The scope of this first law is so far important to the present inquiry, as it bears on the state of the silver market between December, 1871, and the middle of July, 1873, when the next great step was taken.On the 9th of July, 1873, another coinage law (Münzengesets) was passed. This law introduced the gold standard. It commenced with the words "the imperial gold currency takes the place of the various currencies which are now legal in Germany belonging to the separate states."
Since 1871 Germany has been selling her silver. Her citizens could pay it to the government, which received it at its denominational value up to certain dates; but when the government received it, it put it into bars and has been selling those bars by the ton from then till now. What it holds and is trying to sell is, as I shall show, regarded by the highest financial authorities in England as the cause of all her recent manufacturing, commercial, and financial troubles and of the world-wide business depression now prevailing.

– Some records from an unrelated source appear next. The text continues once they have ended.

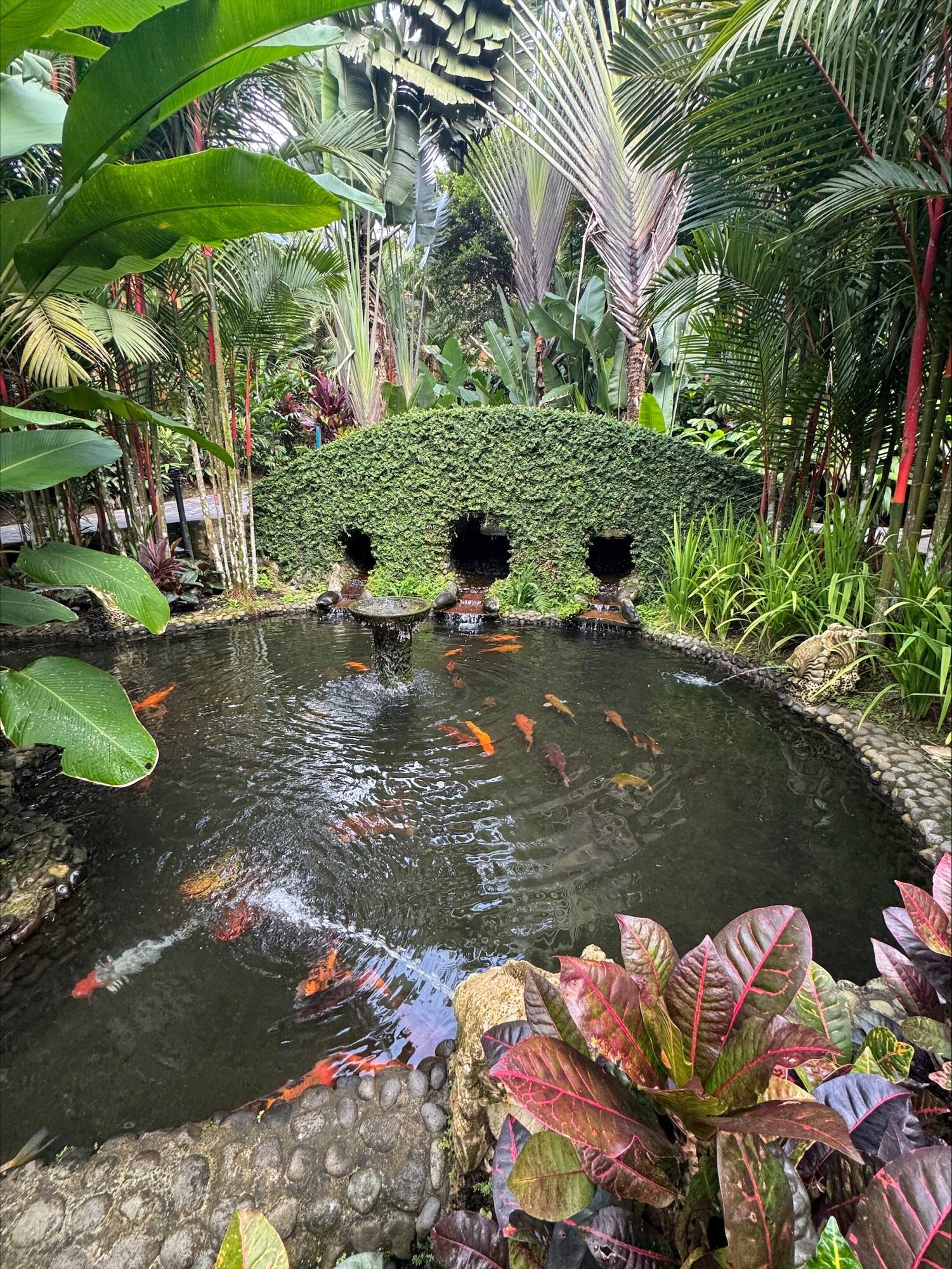 纳雅拉泉酒店-浴室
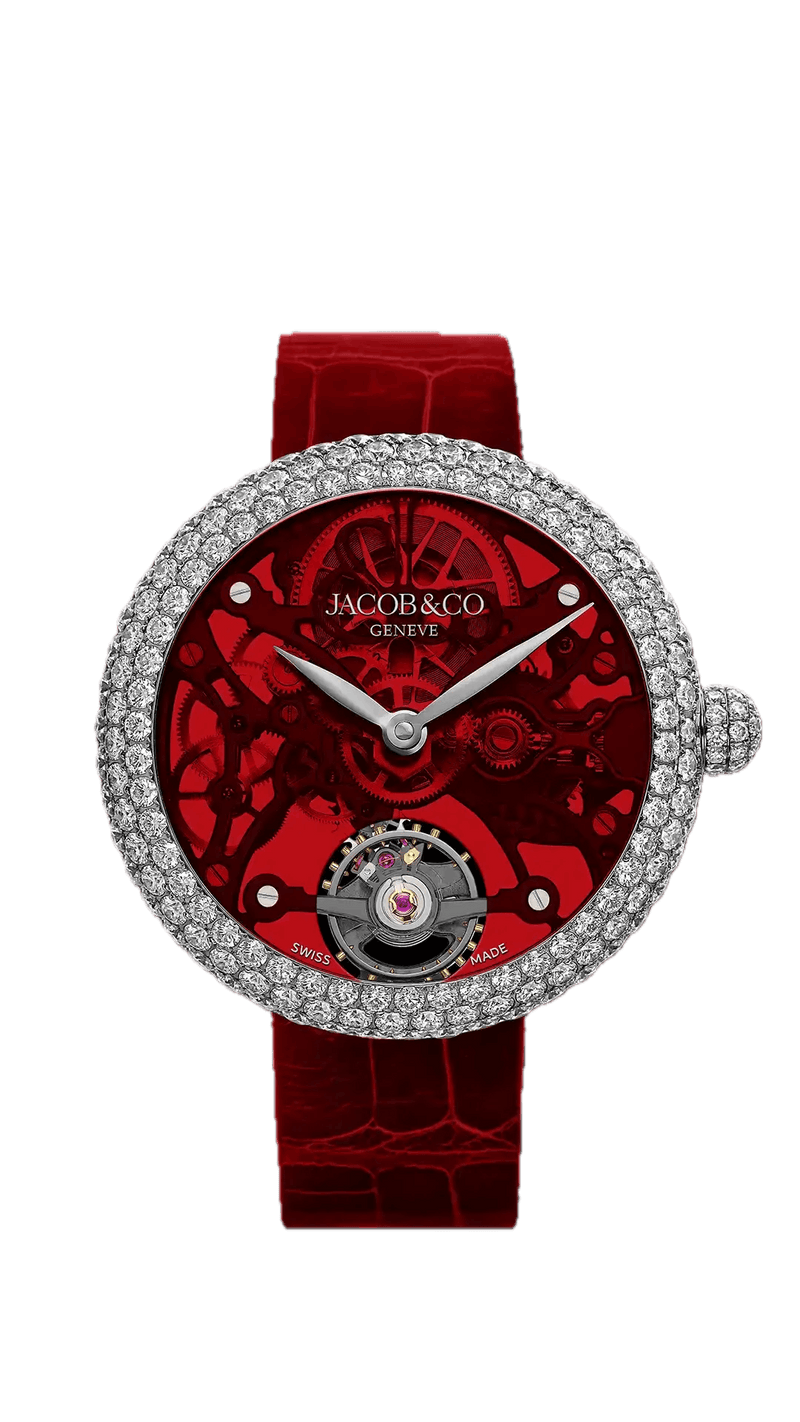 Brilliant Skeleton Northern Lights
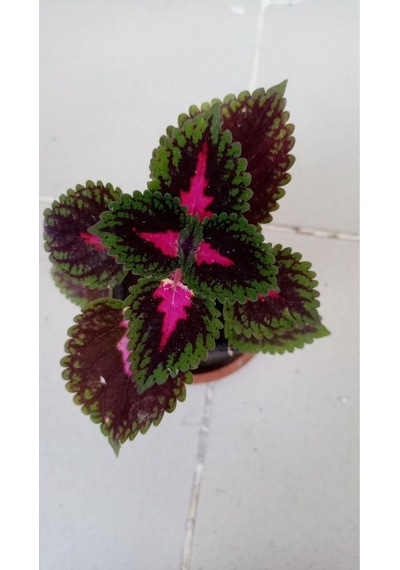 Karışık Renk Yaprağı Güzel Çiçeği 10-20 Cm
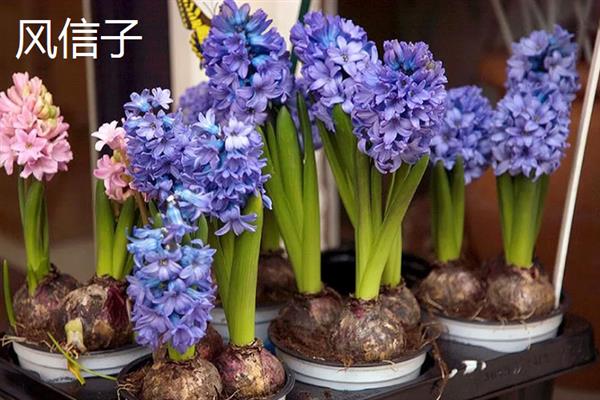 冬天能种哪些花卉，可选择风信子、长寿花、秋海棠等品种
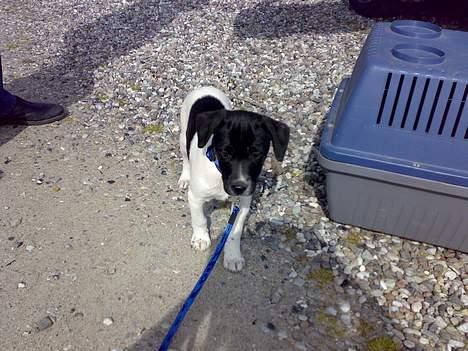 Dansk svensk gaardhund Chicco - Chiccos ankomst billede 2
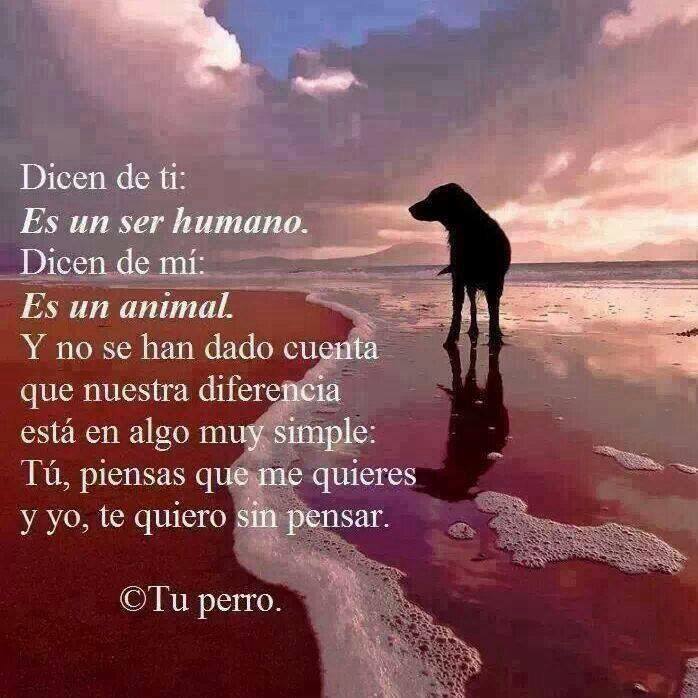 Dicen de ti: Es un ser humano. Dicen de mí: Es un animal. Y no se han dado cuenta que nuestra diferencia está en algo muy simple: Tú, piensas que me quieres y yo, te quiero sin pensar. Tu perro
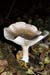 Clitocybe_nebularis_LP0086_04_Box_Hill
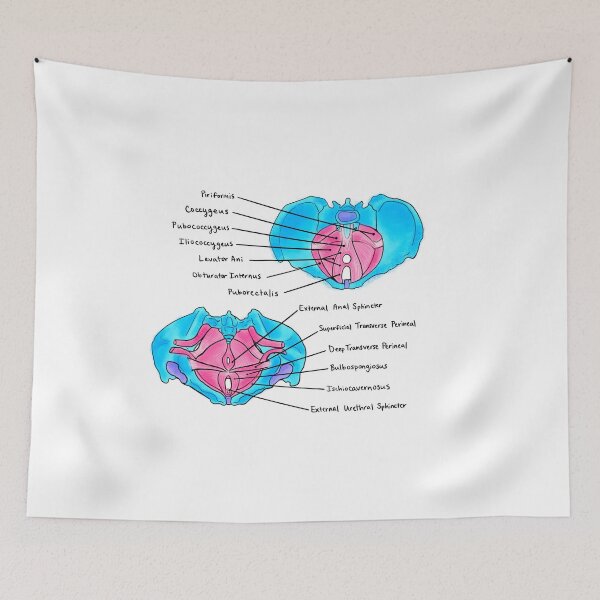 Item preview, Pelvic Floor Muscles designed and sold by Caroline Shea.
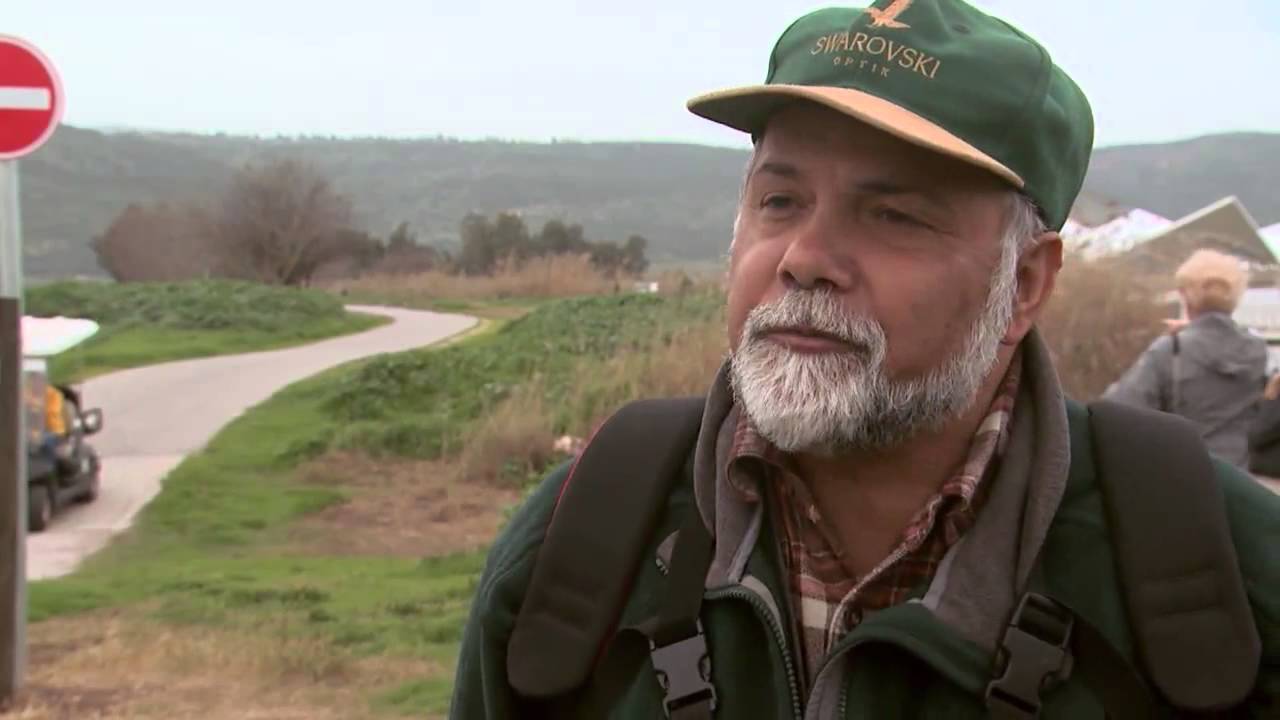 Israel's Hula Valley: A Bird Watcher's Paradise - CBN.com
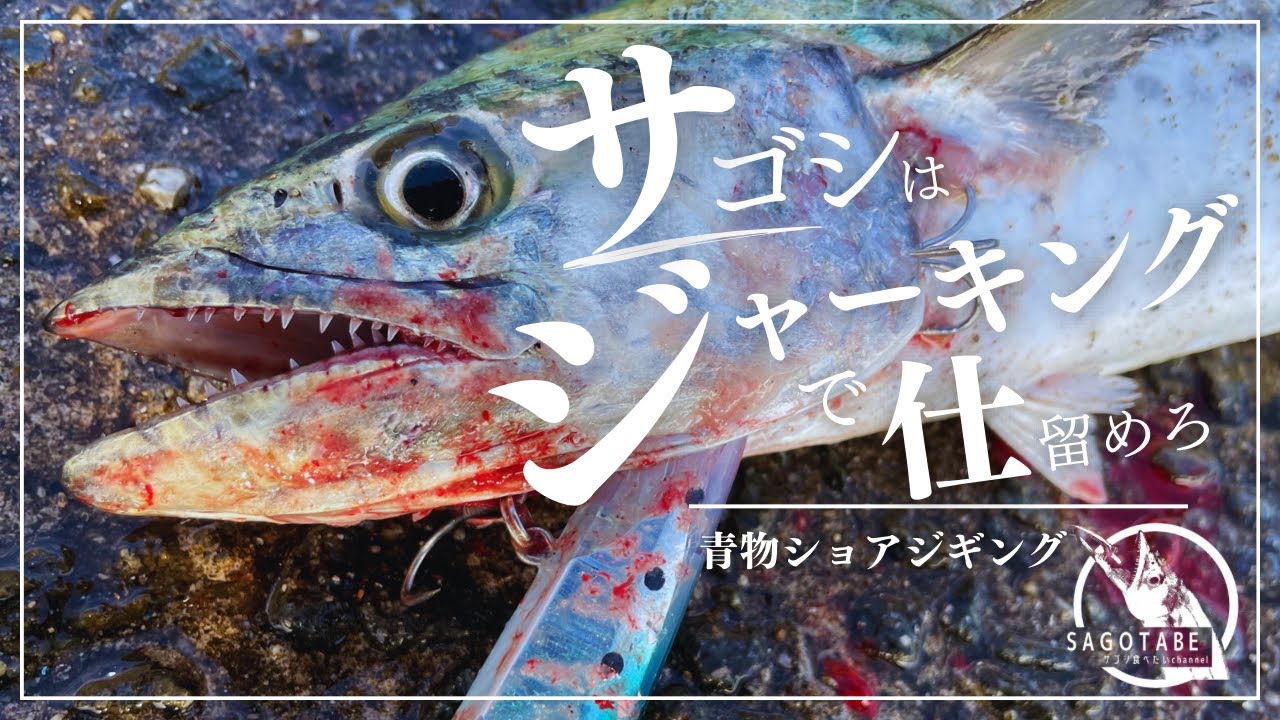 ショアジギング】サゴシはジャーキングで仕留めろ - YouTube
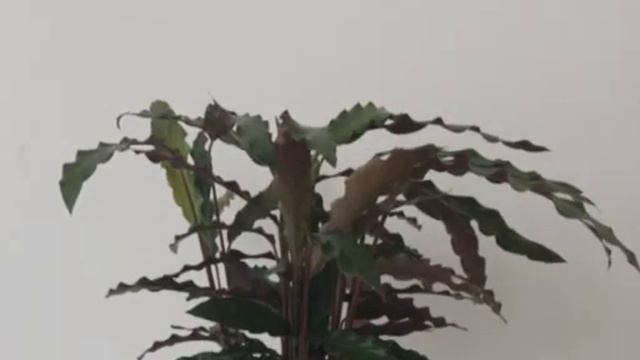 Calathea rufibarba 'Wavestar' time-lapse from sun rise to sun down. смотреть онлайн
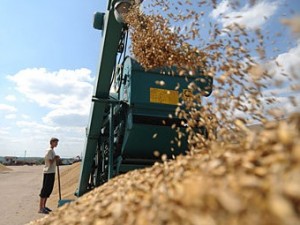 K 20 sentjabrja agrarii Ukrainy otpravili na jeksport 5.3 milliona tonn zerna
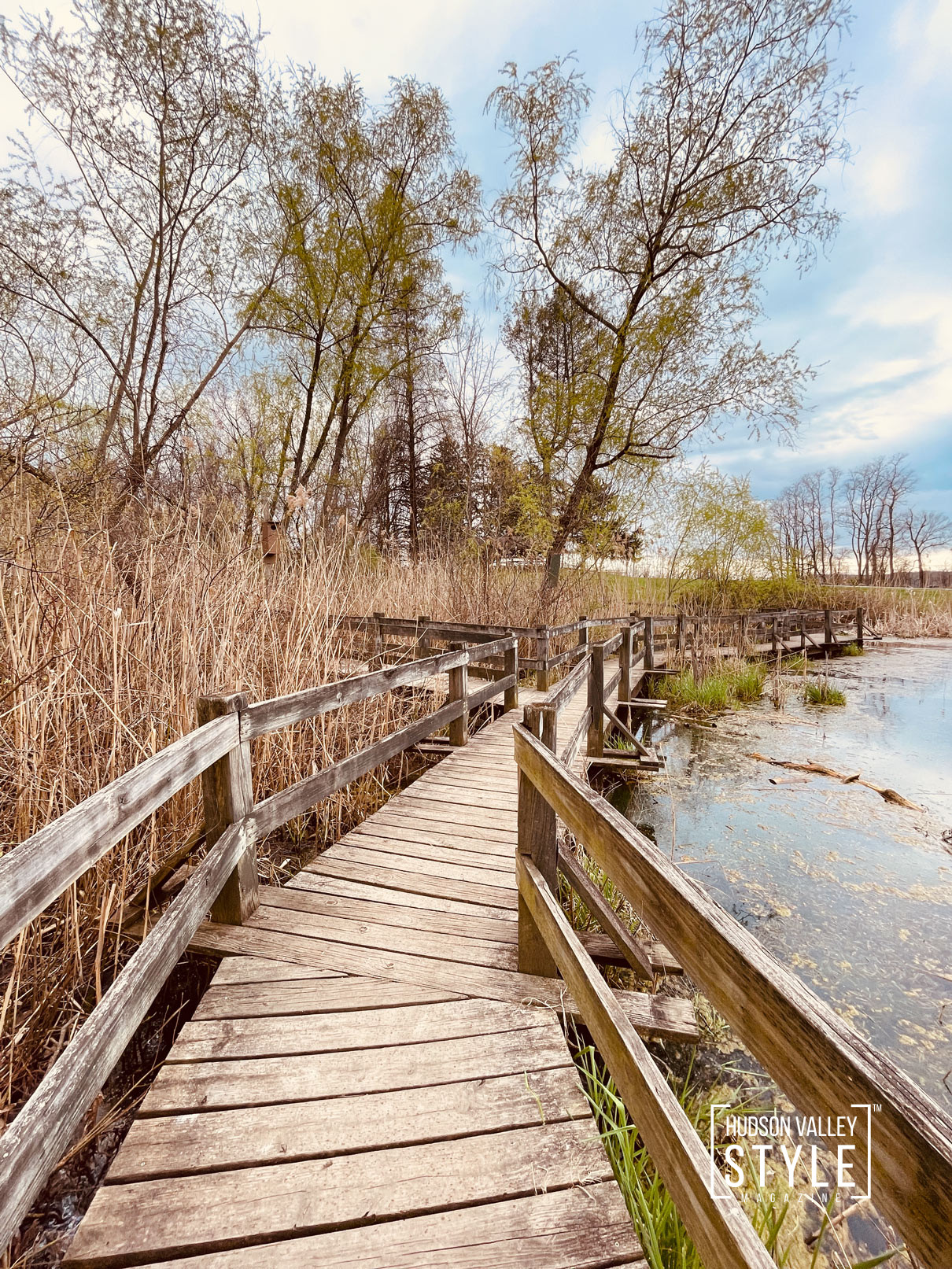 The Magic of Spring – Photographer Maxwell Alexander Shares a Photo Story from Hudson Valley's Bowdoin Park – Nature Photography – Photo Gallery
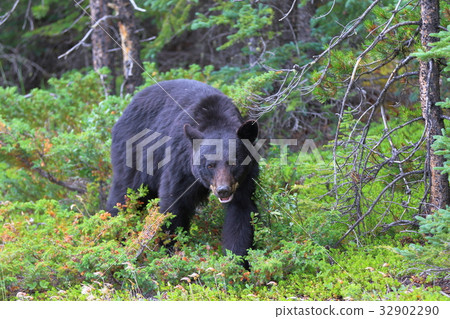 野熊，黑熊，加拿大落基山脈，賈斯珀國家公園 32902290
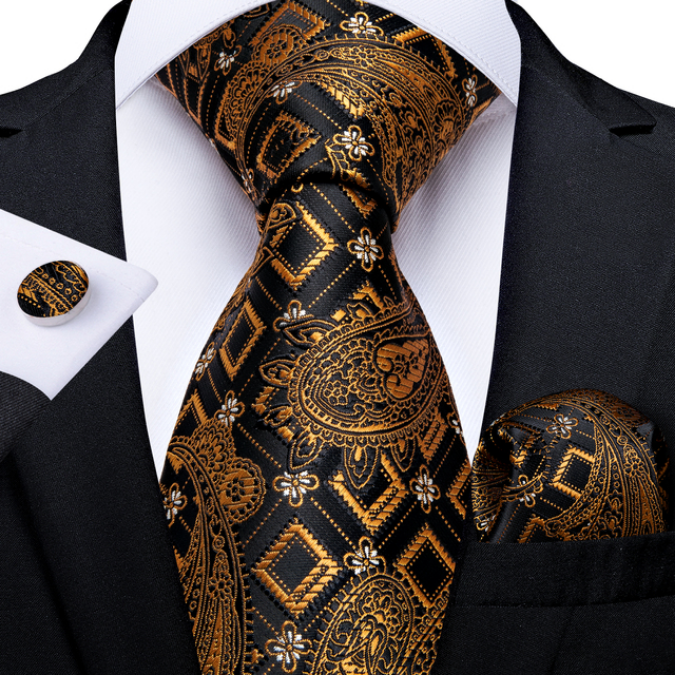 Fashion Paisley Tie Set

Thus Mr. Williamson in his article in the Contemporary Review for April, after reciting the conclusions touching the effects of demonstration presented to the government by the Liverpool Board of Trade, said:
These conclusions by no means exhaust the category of untoward results. The picture could be greatly heightened in coloring, but they are enough for our purpose, accounting as they do for the greatly diminished demand there now is for our textile fabrics, railway materials, machinery, and other things from vast and populous regions of the globe, whose money is now useless to us and unsuitable for the discharge of our trade accounts. Merchants are at their wits' end. They are shut up to refuse credits in silver-using countries. They are baffled in all their exchange calculations. They are driven to restrict operations. The malign and adverse influence acts and reacts. The distress intensifies. Manchester warehouses are filled to repletion with unsalable stocks. Iron rails go down to a point lower than ever known. Many good opportunities for developing the resources of other countries, and of investing English capital, pass unheeded and unavailed of. Men inquire what will the silver dollar or rupee be worth six months or six years hence in the London market; and the deduction from late monetary legislation prompts the reply that there is no bottom to the fall. India may be ruined --our investments may be worthless; and the inevitable conclusion is that we must minimize our risks, restrict our operations, draw in our capital from silver-using countries, and let things take their chance. The Economist and Mr. Giffen prophesied three years ago that trade would soon mend. They ridiculed our fears and what they called our heroic remedies. But the world now knows they were prophets who prophesied pleasant things because men loved to have it so.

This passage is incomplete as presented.